Gross pay refers to the amount of money you receive before any deductions are taken out of your paycheck, while net pay is the amount of your pay after all your deductions, taxes, and payroll contributions have come out. On most paycheck stubs, the amount of your gross pay appears towards the top of the stub, while the net pay is located at the bottom of the stub (after a list of applicable deductions).
How to Calculate Gross Pay
To calculate your gross pay, you need to know whether you’re paid hourly or a specific salary. You also need to know the length of your payroll period and how much you’ve worked (if you’re paid hourly).
If you’re paid hourly, you’ll take your hourly wage and multiply it by the number of hours that you work during the payroll period. For example, assume you make $25 an hour and over a period of two weeks, you work 80 hours. When you multiply 80 by $25, you get a gross pay of $2,000.
Some employees receive different hourly rates depending on the time of day they’re working, what job they’re doing, and whether they’re receiving overtime pay. Assume that over two weeks, you worked 80 hours at $25 an hour and 10 hours at $37.50. Your gross pay is now $2,375.
If you’re a salaried employee, you’ll divide your annual salary by the number of paychecks you receive to determine your gross pay. Imagine your gross salary is $60,000 and you get paid twice a month. This means that your gross pay is $2,500 each paycheck.
How to Calculate Net Pay
Once you know your gross pay, you can calculate your net pay by subtracting your tax withholding, pre-tax deductions, and post-tax deductions. Pre-tax deductions are items subtracted from your gross pay before your tax liability is calculated. Post-tax deductions are expenses subtracted from your paycheck after your pre-tax deductions and tax liability have been deducted.
Suppose your gross pay is $2,000. Your pre-tax deductions amount to $400, your tax liability amounts to 20% of your pay after accounting for pre-tax deductions, and you have $50 in post-tax deductions.

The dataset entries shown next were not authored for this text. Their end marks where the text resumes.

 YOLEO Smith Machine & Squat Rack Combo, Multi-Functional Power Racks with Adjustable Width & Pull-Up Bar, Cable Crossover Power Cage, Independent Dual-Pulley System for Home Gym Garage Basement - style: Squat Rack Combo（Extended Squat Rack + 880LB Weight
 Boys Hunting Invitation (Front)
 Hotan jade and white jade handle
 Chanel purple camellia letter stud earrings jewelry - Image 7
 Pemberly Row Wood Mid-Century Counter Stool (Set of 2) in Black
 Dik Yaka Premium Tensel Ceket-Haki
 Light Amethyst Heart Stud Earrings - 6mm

Start by subtracting $400 from your $2,000 gross pay; this will amount to $1,600.
To determine your tax obligation, multiply 20% by $1,600 to calculate your tax withholding of $320. After your tax withholding and pre-tax deductions, you’re left with $1,280. Subtract your $50 post-tax deduction and you’re left with $1,230. Your net pay is $1,230.

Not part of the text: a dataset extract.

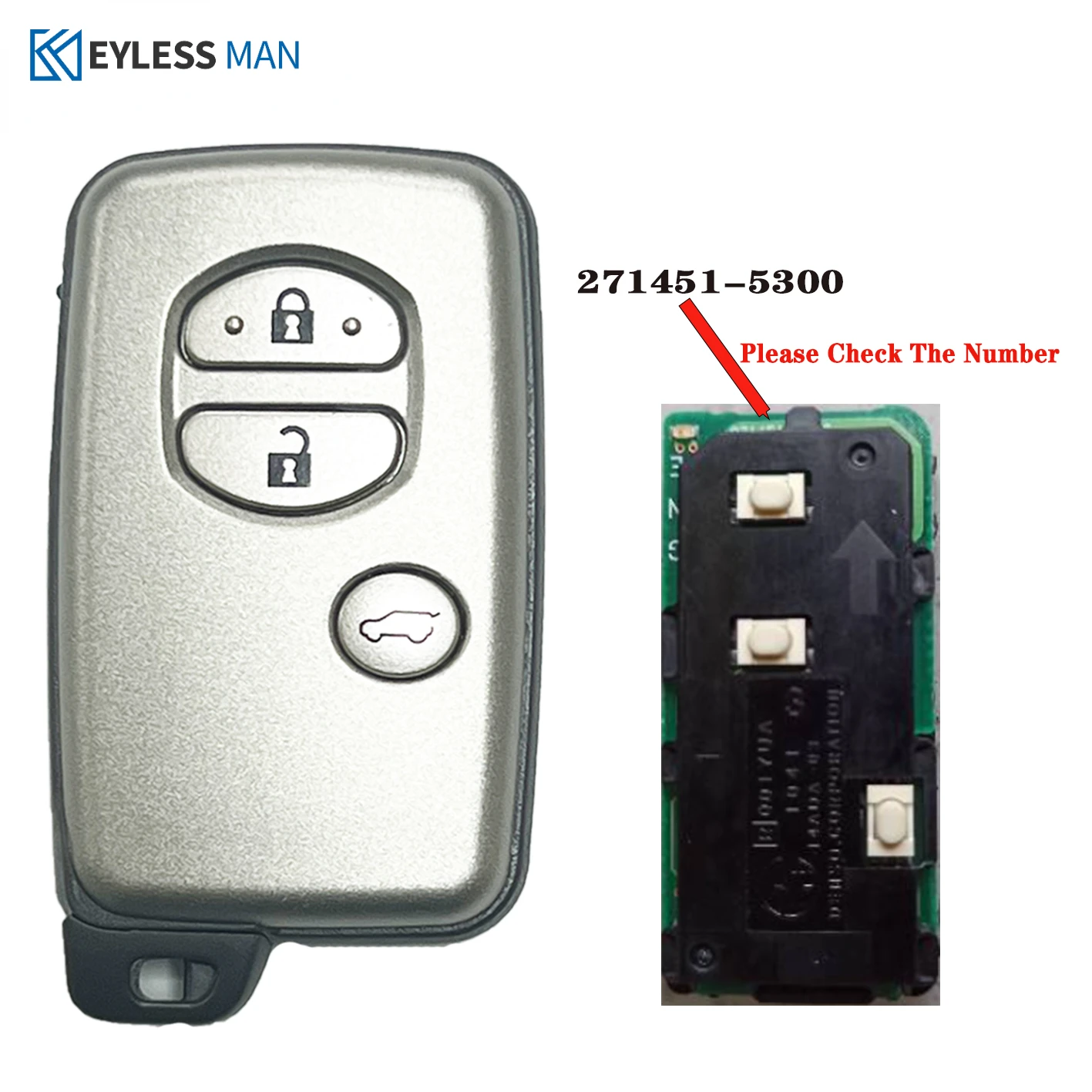 3Button Remote Car Key Fob for Toyota Land Cruiser Prado 150 2007-2011 LC150 Proximity Key 312MHZ ID74 Chip Board:271451-5300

Note that this example greatly simplifies deductions for your tax obligation. You can get an estimate for these figures by utilizing a paycheck calculator or by consulting previous paychecks.

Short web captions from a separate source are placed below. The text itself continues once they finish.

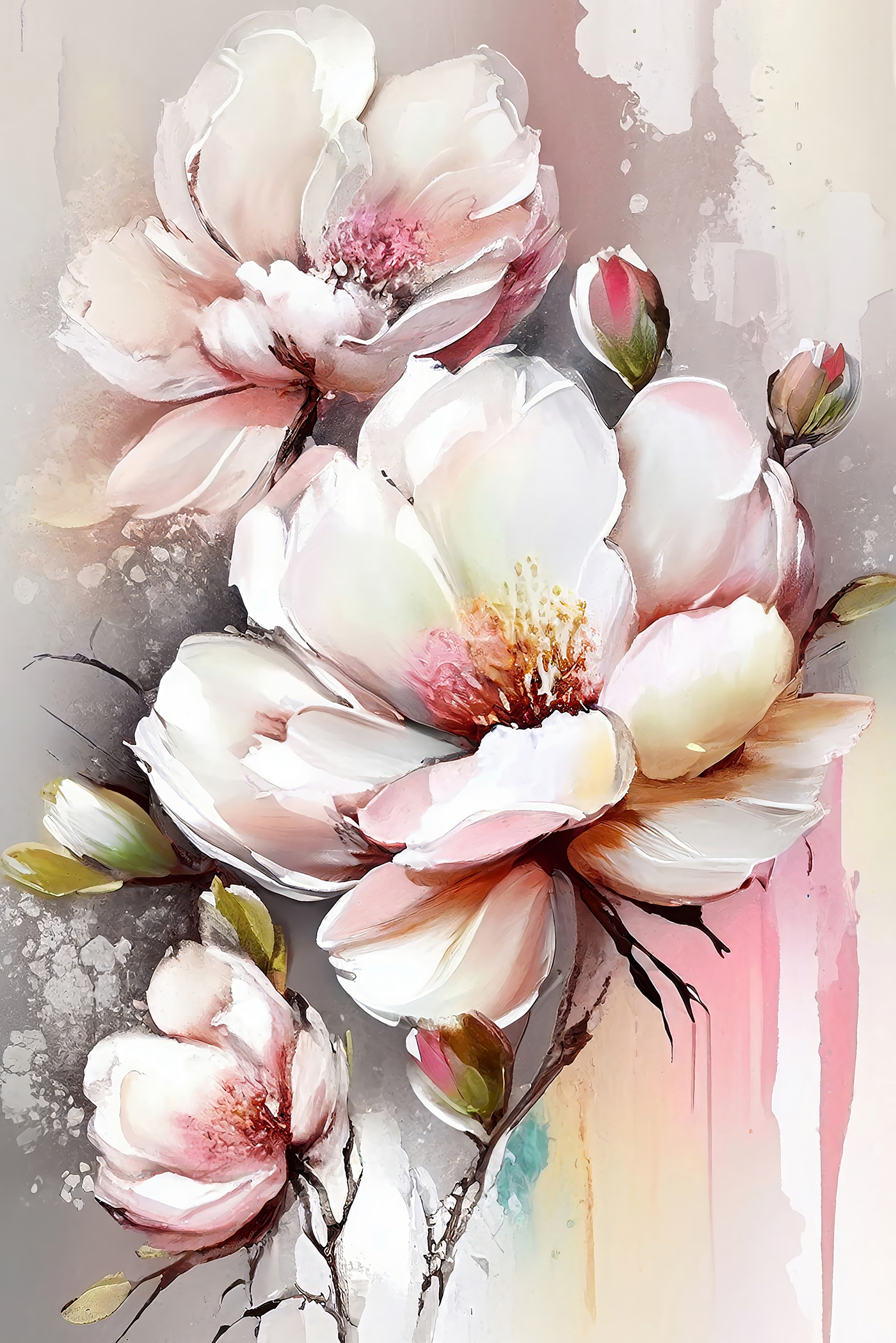 A painting of flowers on a white surface A painting of flowers on a white surface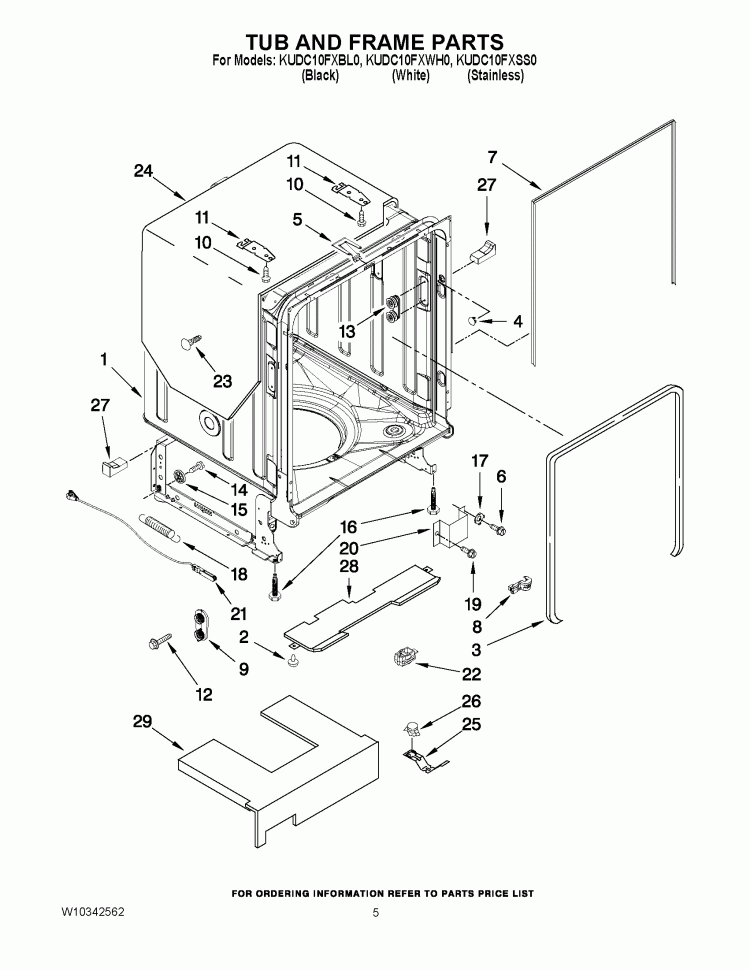TUB AND FRAME PARTS Diagram and Parts List for KUDC10FXSS0  KitchenAid Dishwasher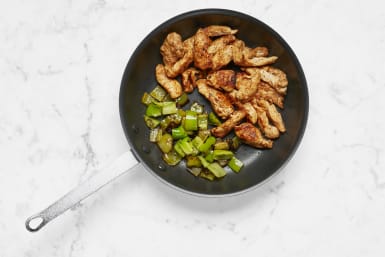 Cook Chicken and Green Peppers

Pre-Tax Items That Affect Your Net Pay
Pre-tax items are taken out of your paycheck before taxes are withheld from your pay and lower your overall taxable income. Some pre-tax items are exempt from all types of taxes, while others are only exempt from a certain type of tax (like state or federal income tax).d
Here are some of the most common pre-tax items:
- Contributions to pre-tax retirement accounts
- Premiums for health, dental and vision insurance plans
- Contributions to pre-tax health savings accounts and flexible spending accounts
- Deductions for commuter benefits
Post-Tax Items That Affect Your Net Pay
Post-tax items don’t have the tax benefits of pre-tax deductions, but they still lower your net pay. Some employees find that it’s convenient to have expenses automatically taken out of their paychecks, while other post-tax deductions may be court-ordered (like wage garnishments).
Frequent post-tax deductions include:
- Post-tax retirement contributions (such as a Roth 401(k))
- Life and disability insurance premiums
- Court-ordered garnishments
- Charitable donations
- Union dues
How to Increase Your Net Pay
If you need to increase your net pay, you can do so by adjusting your pre- and post-tax deductions or your tax withholding. For example, if you currently contribute to a pre-tax retirement plan and a pre-tax health savings account, stopping these deductions will increase the amount of your net pay. Note that decreasing your pre-tax deductions typically increases the amount of your tax withholding because you have more taxable income.
Another way to boost your net pay is to lower your tax withholding. If you receive an income tax refund, you can adjust your tax withholding so that you have less taxes withheld and receive a higher net pay. Assume your tax refund is usually $3,000 and you get paid bi-monthly; adjusting your tax withholding so that your estimated refund is $0 will add $125 to each paycheck.